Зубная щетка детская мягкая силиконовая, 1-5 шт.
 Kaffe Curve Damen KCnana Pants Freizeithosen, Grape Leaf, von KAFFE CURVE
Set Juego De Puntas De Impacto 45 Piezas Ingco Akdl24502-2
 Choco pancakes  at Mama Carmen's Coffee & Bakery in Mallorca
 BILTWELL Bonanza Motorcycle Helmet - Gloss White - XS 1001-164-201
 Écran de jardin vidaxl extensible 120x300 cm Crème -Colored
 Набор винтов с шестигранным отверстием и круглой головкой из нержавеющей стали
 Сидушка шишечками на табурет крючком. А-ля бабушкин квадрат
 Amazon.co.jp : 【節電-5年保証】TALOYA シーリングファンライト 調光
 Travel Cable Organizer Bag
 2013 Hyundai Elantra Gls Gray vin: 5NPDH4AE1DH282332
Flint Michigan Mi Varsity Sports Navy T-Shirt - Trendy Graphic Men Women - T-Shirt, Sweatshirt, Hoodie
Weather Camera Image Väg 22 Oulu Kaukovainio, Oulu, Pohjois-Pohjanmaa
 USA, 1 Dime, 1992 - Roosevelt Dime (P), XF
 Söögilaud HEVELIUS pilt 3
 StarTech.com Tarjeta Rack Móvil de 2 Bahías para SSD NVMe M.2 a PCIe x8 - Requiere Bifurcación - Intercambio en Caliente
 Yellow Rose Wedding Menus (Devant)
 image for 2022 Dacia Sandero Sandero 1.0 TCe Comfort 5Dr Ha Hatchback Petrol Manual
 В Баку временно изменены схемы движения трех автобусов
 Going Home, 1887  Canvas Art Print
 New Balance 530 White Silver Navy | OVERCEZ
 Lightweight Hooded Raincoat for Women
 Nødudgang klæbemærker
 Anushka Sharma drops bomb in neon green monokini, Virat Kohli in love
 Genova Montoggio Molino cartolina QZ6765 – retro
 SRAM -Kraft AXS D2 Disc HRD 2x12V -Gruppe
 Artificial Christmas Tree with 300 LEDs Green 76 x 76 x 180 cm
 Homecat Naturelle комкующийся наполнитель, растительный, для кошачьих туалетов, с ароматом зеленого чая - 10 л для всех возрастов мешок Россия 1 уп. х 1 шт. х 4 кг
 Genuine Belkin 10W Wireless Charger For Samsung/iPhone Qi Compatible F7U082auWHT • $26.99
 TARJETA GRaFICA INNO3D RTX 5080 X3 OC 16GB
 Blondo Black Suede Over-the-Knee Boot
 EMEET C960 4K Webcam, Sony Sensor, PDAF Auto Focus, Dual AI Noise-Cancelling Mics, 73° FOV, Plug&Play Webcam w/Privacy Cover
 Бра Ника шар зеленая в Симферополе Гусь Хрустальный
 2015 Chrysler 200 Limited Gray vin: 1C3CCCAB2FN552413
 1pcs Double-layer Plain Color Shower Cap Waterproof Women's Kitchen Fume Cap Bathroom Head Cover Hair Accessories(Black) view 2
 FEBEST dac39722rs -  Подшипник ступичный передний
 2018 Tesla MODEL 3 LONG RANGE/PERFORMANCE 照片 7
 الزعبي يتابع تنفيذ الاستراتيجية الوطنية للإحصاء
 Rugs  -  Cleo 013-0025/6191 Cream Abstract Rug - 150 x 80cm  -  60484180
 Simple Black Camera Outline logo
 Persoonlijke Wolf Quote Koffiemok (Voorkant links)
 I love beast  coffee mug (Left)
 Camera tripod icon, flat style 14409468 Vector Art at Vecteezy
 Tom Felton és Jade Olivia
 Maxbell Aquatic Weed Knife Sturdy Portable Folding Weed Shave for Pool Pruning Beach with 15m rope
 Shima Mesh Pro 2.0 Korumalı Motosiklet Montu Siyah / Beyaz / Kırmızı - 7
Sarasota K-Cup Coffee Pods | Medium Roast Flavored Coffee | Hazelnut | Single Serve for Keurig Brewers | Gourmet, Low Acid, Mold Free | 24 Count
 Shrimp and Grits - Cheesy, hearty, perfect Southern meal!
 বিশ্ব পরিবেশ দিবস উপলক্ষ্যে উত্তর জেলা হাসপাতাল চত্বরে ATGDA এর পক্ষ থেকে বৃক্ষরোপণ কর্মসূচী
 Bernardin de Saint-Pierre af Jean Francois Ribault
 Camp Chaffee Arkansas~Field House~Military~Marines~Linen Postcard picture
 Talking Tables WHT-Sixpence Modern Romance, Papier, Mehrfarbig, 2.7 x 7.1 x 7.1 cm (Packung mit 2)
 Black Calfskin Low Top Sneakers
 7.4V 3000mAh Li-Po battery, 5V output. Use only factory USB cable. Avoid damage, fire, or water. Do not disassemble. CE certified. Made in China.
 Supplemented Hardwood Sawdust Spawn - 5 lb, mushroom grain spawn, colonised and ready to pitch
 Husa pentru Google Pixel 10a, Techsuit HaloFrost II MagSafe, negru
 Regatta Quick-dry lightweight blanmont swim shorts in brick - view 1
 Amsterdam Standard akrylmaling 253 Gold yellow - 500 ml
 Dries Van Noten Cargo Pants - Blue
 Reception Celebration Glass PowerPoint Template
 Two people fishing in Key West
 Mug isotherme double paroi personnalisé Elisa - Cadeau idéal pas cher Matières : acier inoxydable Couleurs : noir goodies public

* WHAT TO DO: All of the data above needs to be retyped exactly, with each line as it stands.

* WRITTEN RESPONSE:
Зубная щетка детская мягкая силиконовая, 1-5 шт.
 Kaffe Curve Damen KCnana Pants Freizeithosen, Grape Leaf, von KAFFE CURVE
Set Juego De Puntas De Impacto 45 Piezas Ingco Akdl24502-2
 Choco pancakes  at Mama Carmen's Coffee & Bakery in Mallorca
 BILTWELL Bonanza Motorcycle Helmet - Gloss White - XS 1001-164-201
 Écran de jardin vidaxl extensible 120x300 cm Crème -Colored
 Набор винтов с шестигранным отверстием и круглой головкой из нержавеющей стали
 Сидушка шишечками на табурет крючком. А-ля бабушкин квадрат
 Amazon.co.jp : 【節電-5年保証】TALOYA シーリングファンライト 調光
 Travel Cable Organizer Bag
 2013 Hyundai Elantra Gls Gray vin: 5NPDH4AE1DH282332
Flint Michigan Mi Varsity Sports Navy T-Shirt - Trendy Graphic Men Women - T-Shirt, Sweatshirt, Hoodie
Weather Camera Image Väg 22 Oulu Kaukovainio, Oulu, Pohjois-Pohjanmaa
 USA, 1 Dime, 1992 - Roosevelt Dime (P), XF
 Söögilaud HEVELIUS pilt 3
 StarTech.com Tarjeta Rack Móvil de 2 Bahías para SSD NVMe M.2 a PCIe x8 - Requiere Bifurcación - Intercambio en Caliente
 Yellow Rose Wedding Menus (Devant)
 image for 2022 Dacia Sandero Sandero 1.0 TCe Comfort 5Dr Ha Hatchback Petrol Manual
 В Баку временно изменены схемы движения трех автобусов
 Going Home, 1887  Canvas Art Print
 New Balance 530 White Silver Navy | OVERCEZ
 Lightweight Hooded Raincoat for Women
 Nødudgang klæbemærker
 Anushka Sharma drops bomb in neon green monokini, Virat Kohli in love
 Genova Montoggio Molino cartolina QZ6765 – retro
 SRAM -Kraft AXS D2 Disc HRD 2x12V -Gruppe
 Artificial Christmas Tree with 300 LEDs Green 76 x 76 x 180 cm
 Homecat Naturelle комкующийся наполнитель, растительный, для кошачьих туалетов, с ароматом зеленого чая - 10 л для всех возрастов мешок Россия 1 уп. х 1 шт. х 4 кг
 Genuine Belkin 10W Wireless Charger For Samsung/iPhone Qi Compatible F7U082auWHT • $26.99
 TARJETA GRaFICA INNO3D RTX 5080 X3 OC 16GB
 Blondo Black Suede Over-the-Knee Boot
 EMEET C960 4K Webcam, Sony Sensor, PDAF Auto Focus, Dual AI Noise-Cancelling Mics, 73° FOV, Plug&Play Webcam w/Privacy Cover
 Бра Ника шар зеленая в Симферополе Гусь Хрустальный
 2015 Chrysler 200 Limited Gray vin: 1C3CCCAB2FN552413
 1pcs Double-layer Plain Color Shower Cap Waterproof Women's Kitchen Fume Cap Bathroom Head Cover Hair Accessories(Black) view 2
 FEBEST dac39722rs -  Подшипник ступичный передний
 2018 Tesla MODEL 3 LONG RANGE/PERFORMANCE 照片 7
 الزعبي يتابع تنفيذ الاستراتيجية الوطنية للإحصاء
 Rugs  -  Cleo 013-0025/6191 Cream Abstract Rug - 150 x 80cm  -  60484180
 Simple Black Camera Outline logo
 Persoonlijke Wolf Quote Koffiemok (Voorkant links)
 I love beast  coffee mug (Left)
 Camera tripod icon, flat style 14409468 Vector Art at Vecteezy
 Tom Felton és Jade Olivia
 Maxbell Aquatic Weed Knife Sturdy Portable Folding Weed Shave for Pool Pruning Beach with 15m rope
 Shima Mesh Pro 2.0 Korumalı Motosiklet Montu Siyah / Beyaz / Kırmızı - 7
Sarasota K-Cup Coffee Pods | Medium Roast Flavored Coffee | Hazelnut | Single Serve for Keurig Brewers | Gourmet, Low Acid, Mold Free | 24 Count
 Shrimp and Grits - Cheesy, hearty, perfect Southern meal!
 বিশ্ব পরিবেশ দিবস উপলক্ষ্যে উত্তর জেলা হাসপাতাল চত্বরে ATGDA এর পক্ষ থেকে বৃক্ষরোপণ কর্মসূচী
 Bernardin de Saint-Pierre af Jean Francois Ribault
 Camp Chaffee Arkansas~Field House~Military~Marines~Linen Postcard picture
 Talking Tables WHT-Sixpence Modern Romance, Papier, Mehrfarbig, 2.7 x 7.1 x 7.1 cm (Packung mit 2)
 Black Calfskin Low Top Sneakers
 7.4V 3000mAh Li-Po battery, 5V output. Use only factory USB cable. Avoid damage, fire, or water. Do not disassemble. CE certified. Made in China.
 Supplemented Hardwood Sawdust Spawn - 5 lb, mushroom grain spawn, colonised and ready to pitch
 Husa pentru Google Pixel 10a, Techsuit HaloFrost II MagSafe, negru
 Regatta Quick-dry lightweight blanmont swim shorts in brick - view 1
 Amsterdam Standard akrylmaling 253 Gold yellow - 500 ml
 Dries Van Noten Cargo Pants - Blue
 Reception Celebration Glass PowerPoint Template
 Two people fishing in Key West
 Mug isotherme double paroi personnalisé Elisa - Cadeau idéal pas cher Matières : acier inoxydable Couleurs : noir goodies public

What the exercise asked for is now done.